All the teas are brewed-up for you properly in a glass teapot, which lets you admire the color of the tea. It sits on your table on a glass stand, warmed by a tea-light, begging admiration for the rich color of the tea. The kitchen steeps the tea for the optimal time and removes the leaves before sending the pot out.
On a recent visit, I tried a South African KwaZulu Ntingwe Estate tea ($3.75/pot, the standard price; a few rare teas are more). The tea was brisk and a bit malty, like an Assam, but subtly different.
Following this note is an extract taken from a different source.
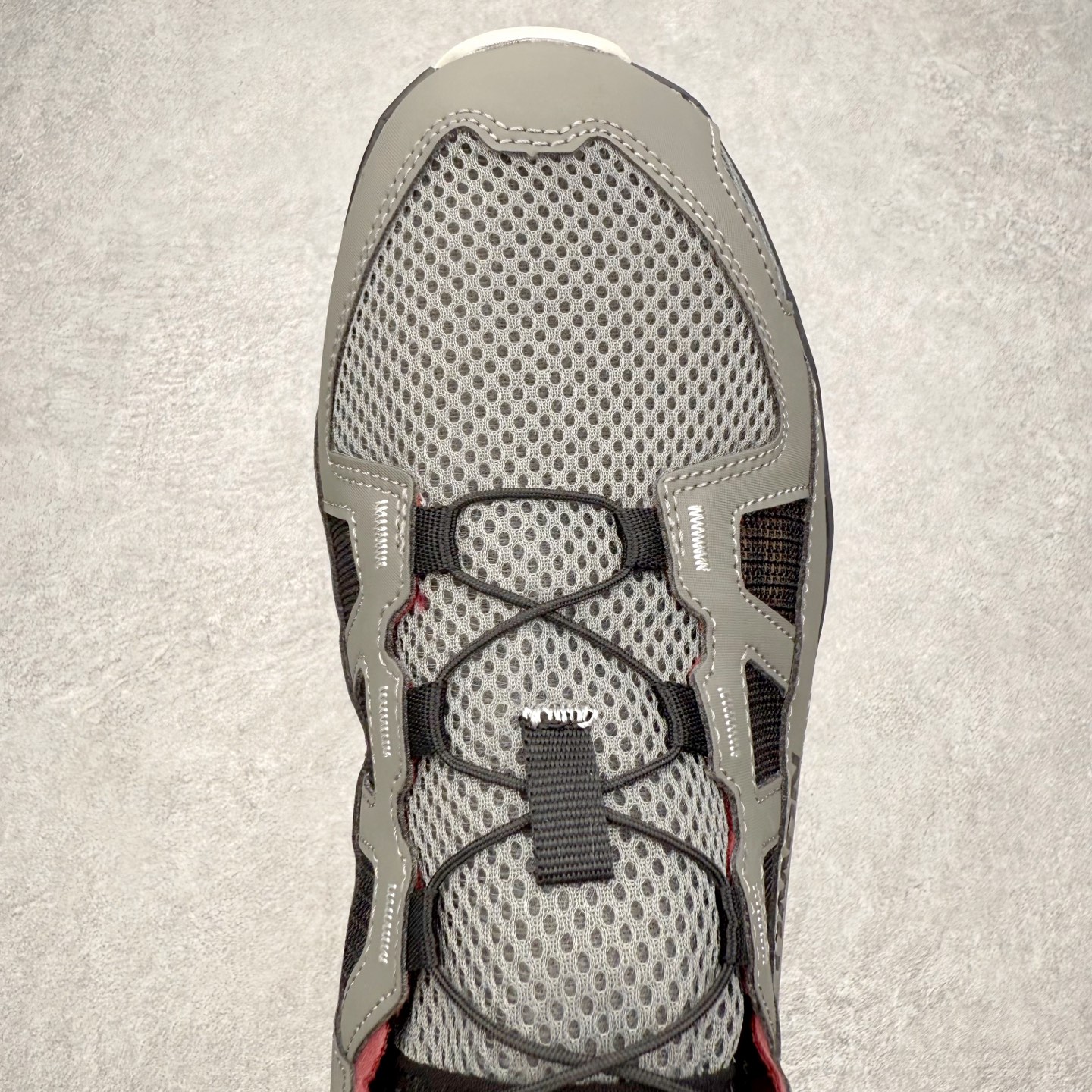 图片[4]-SALOMON萨洛蒙 Techamphibian 5 圆头舒适 透气速干抓地溯溪鞋 男女同款 SALOMON诞生于1947年的法国阿尔卑斯山区，全球知名的户外运动品牌。一直致力于推动滑雪、越野跑等山地运动的发展及产品的进步。其产品设计致力于追求创新和发掘产品的性能极限，帮助喜欢自由的人在山地间不断挑战自我。实拍调校N版已经零色差零失真 百分百还原实物色彩所见即所得 不存在货不对板色差等低级问题 选购参考实物拍摄 不混卖不参货 只用心做好货严格选品 承诺混一赔十 尺码：36 36.5 37.5 38 38.5 39 40 40.5 41 42 42.5 43 44 44.5 45-选品中心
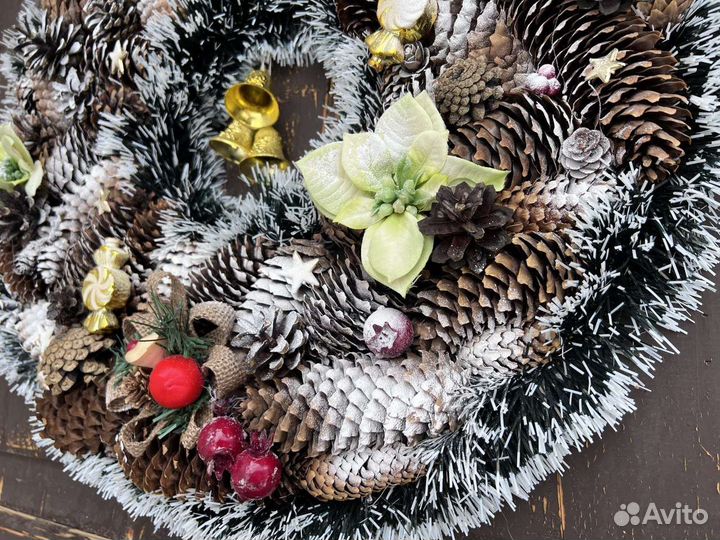 Новогодний венок из шишек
Tea-Tray's menu, like a traditional tea, is divided into savory and sweet sections, each more mouth-watering than the other. But the selections are contemporary American cuisine, not traditional British fare. Other than scones, that is, which are baked fresh daily.
The savory section includes salads and sandwiches. One stand-out from the sandwich options is roasted eggplant, goat cheese, spinach and tomatoes, with fresh field greens, severed up on a fresh-baked foccacia ($6.75). A house specialty is home-cured gravlax salmon, available in either a sandwich ($10.75) or salad. There are also daily specials, including a savory tart, strata (a savory bread pudding), and soups.
Choosing a dessert is a daunting task. The choices range from simple shortbread cookies ($2.25) to a decadent fallen chocolate and peanut butter soufflé ($6.75). In between, you can sample the chocolate citrus baklava, a daily creme brule, or a fruit and cheese plate. There's also an array of fresh-baked pastries and cakes displayed in a case. I tried a heavenly slice of almond genoise, a delicate cake with layers of lemon curd, raspberries, and blueberries, coated with a rich butter-cream frosting. The combination was mouthwatering. It called for another cup of tea.
The one sour note is occasional slow service, especially on weekends when all the tables are filled. While you wait, you can browse through an amazing array of tea merchandise. The pots, mugs, and infusers you expect to see in a tea-room jostle for space with rarer items: tea jewelry, tea stickers, tea art, and tea shirts.